[Opening Supplied material section]
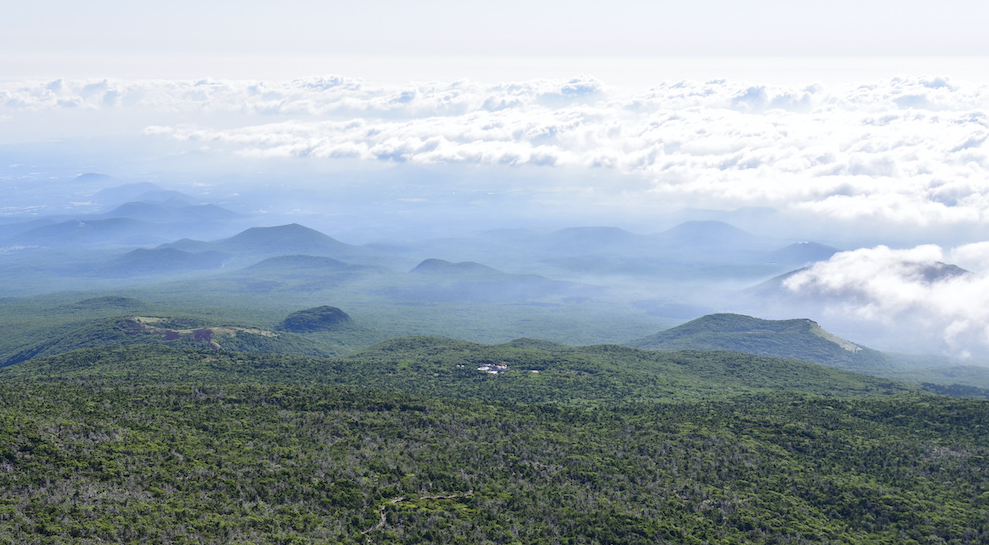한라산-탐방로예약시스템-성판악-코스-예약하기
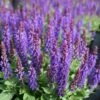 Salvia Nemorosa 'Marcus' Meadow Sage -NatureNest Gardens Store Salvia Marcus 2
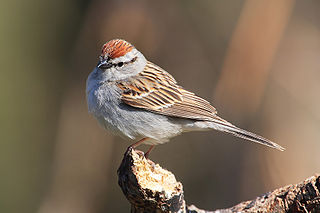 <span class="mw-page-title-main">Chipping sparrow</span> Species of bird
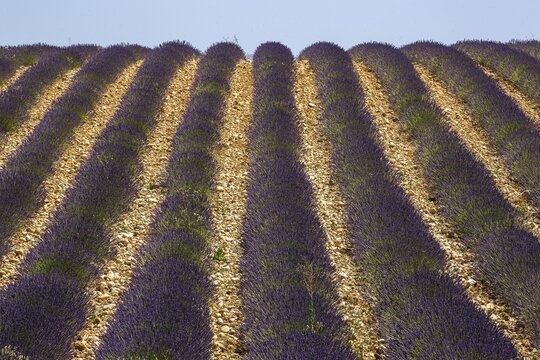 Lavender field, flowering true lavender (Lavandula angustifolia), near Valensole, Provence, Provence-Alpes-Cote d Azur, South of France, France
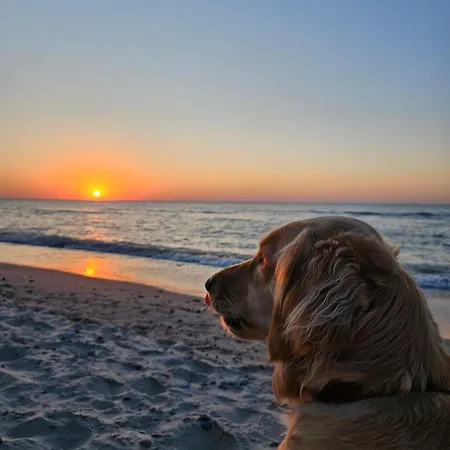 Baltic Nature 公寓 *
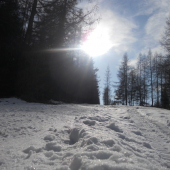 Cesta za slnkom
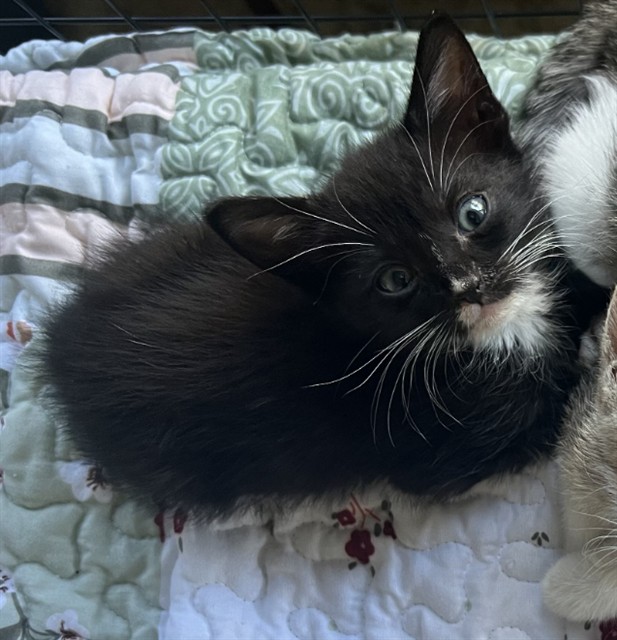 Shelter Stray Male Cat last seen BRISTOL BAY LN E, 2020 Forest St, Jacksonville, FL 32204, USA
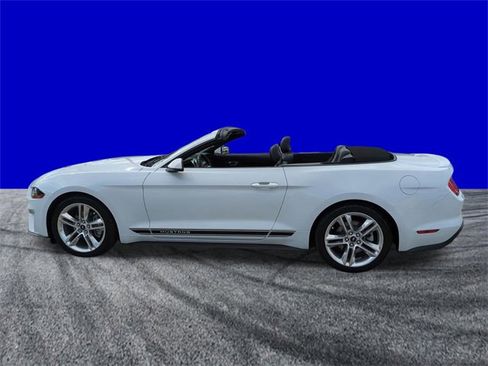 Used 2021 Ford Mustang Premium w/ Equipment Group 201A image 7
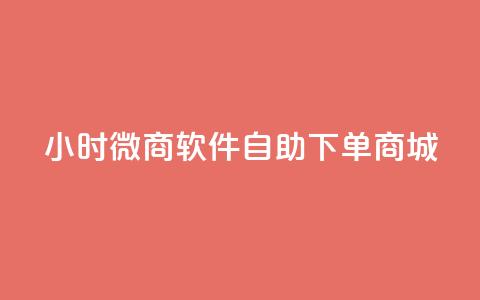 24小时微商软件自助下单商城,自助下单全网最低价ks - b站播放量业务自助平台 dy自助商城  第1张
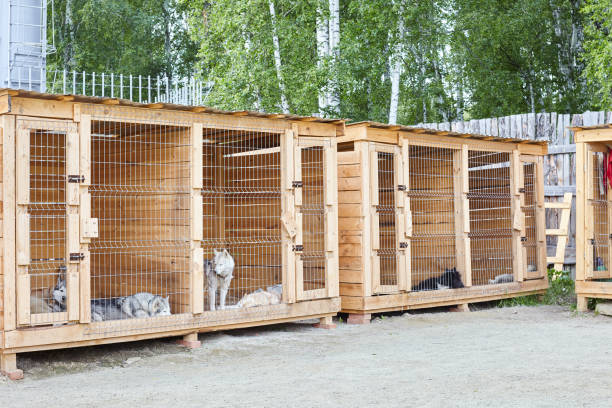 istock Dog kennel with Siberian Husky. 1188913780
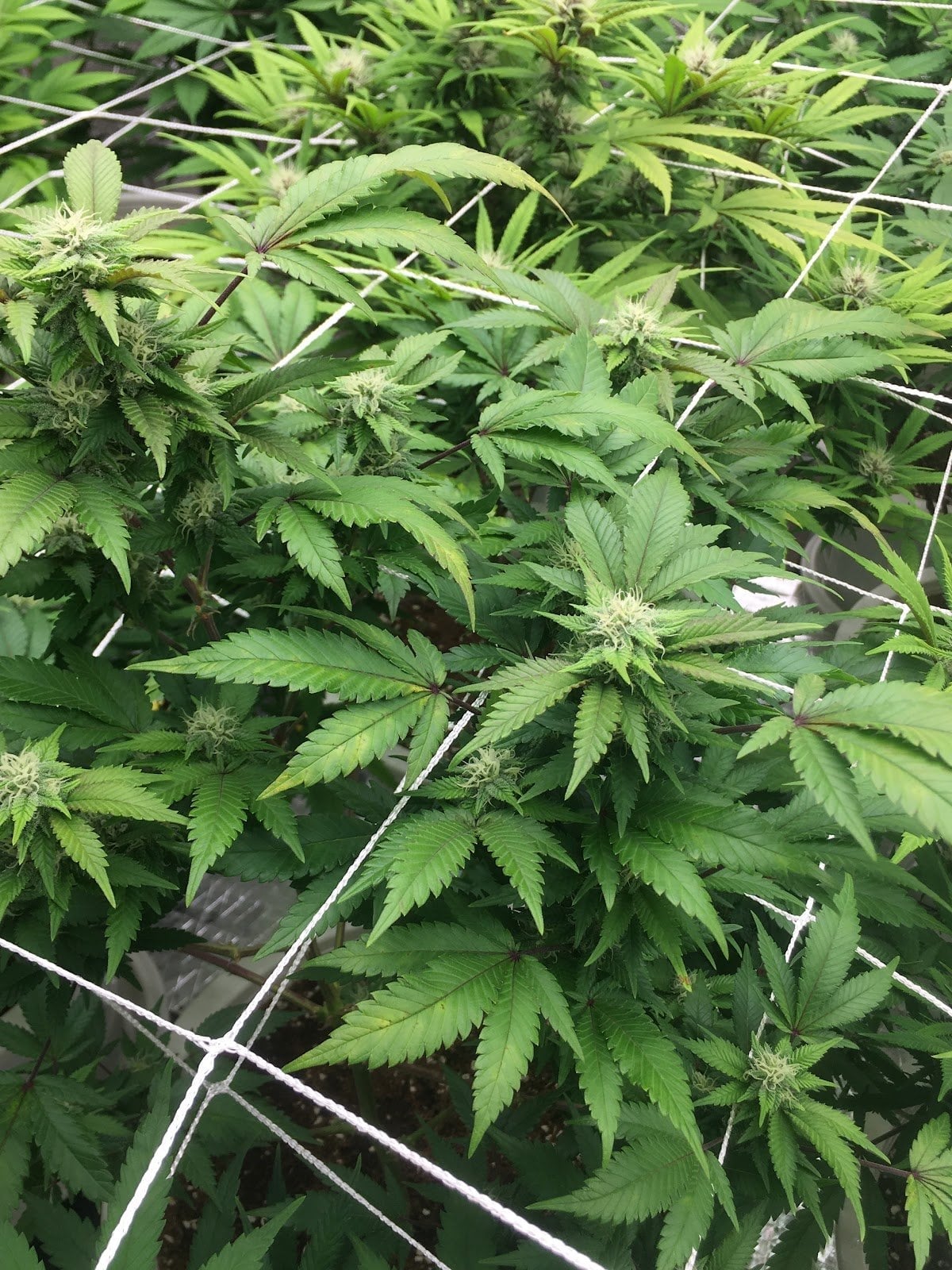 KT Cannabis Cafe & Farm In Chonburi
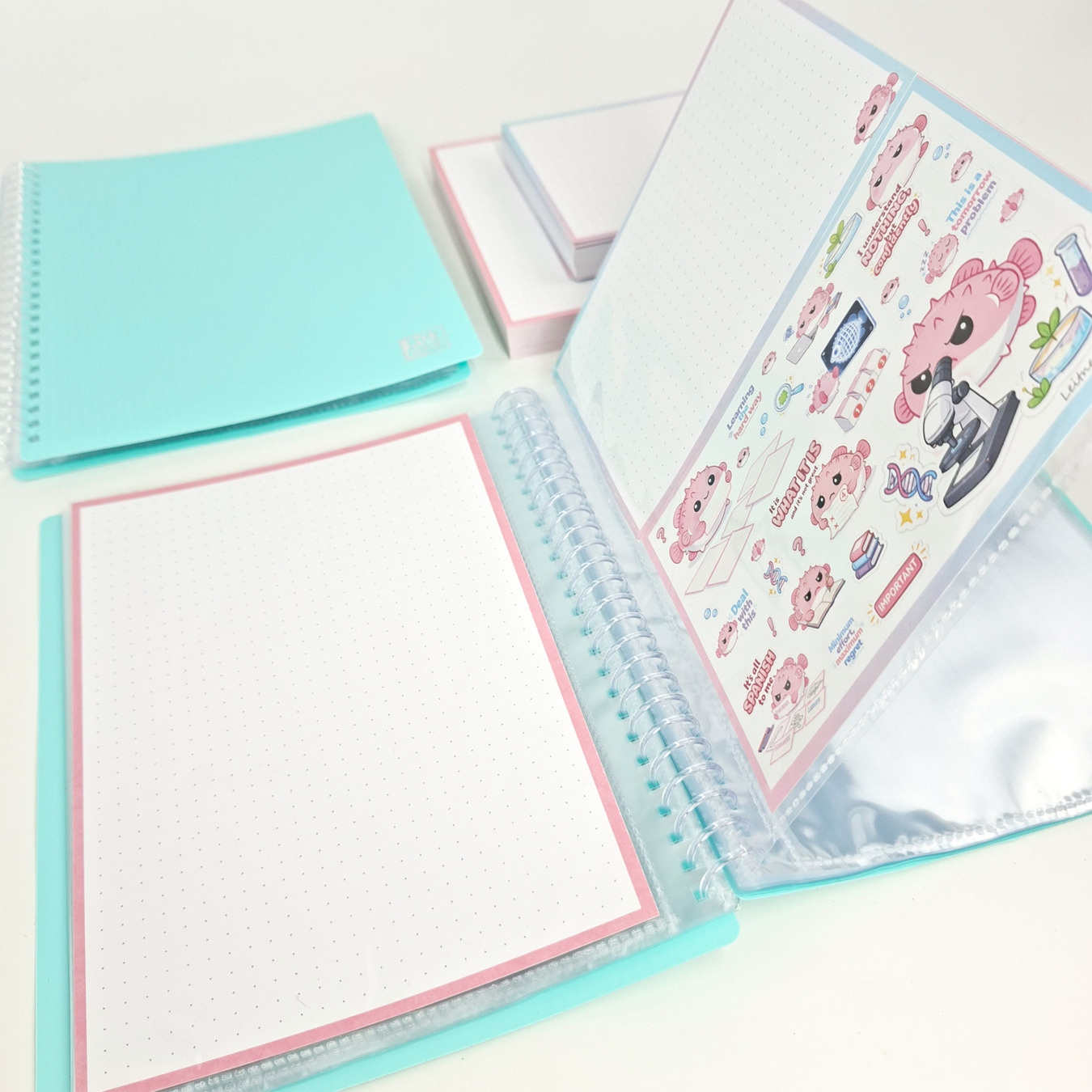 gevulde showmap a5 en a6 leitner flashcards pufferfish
[Closing Supplied material section]
# Work to be completed
What you return should be the entries from above, unchanged and without their images.

# Exercise answer
한라산-탐방로예약시스템-성판악-코스-예약하기
 Salvia Nemorosa 'Marcus' Meadow Sage -NatureNest Gardens Store Salvia Marcus 2
 <span class="mw-page-title-main">Chipping sparrow</span> Species of bird
 Lavender field, flowering true lavender (Lavandula angustifolia), near Valensole, Provence, Provence-Alpes-Cote d Azur, South of France, France
 Baltic Nature 公寓 *
 Cesta za slnkom
 Shelter Stray Male Cat last seen BRISTOL BAY LN E, 2020 Forest St, Jacksonville, FL 32204, USA
 Used 2021 Ford Mustang Premium w/ Equipment Group 201A image 7
 24小时微商软件自助下单商城,自助下单全网最低价ks - b站播放量业务自助平台 dy自助商城  第1张
 istock Dog kennel with Siberian Husky. 1188913780
 KT Cannabis Cafe & Farm In Chonburi
 gevulde showmap a5 en a6 leitner flashcards pufferfish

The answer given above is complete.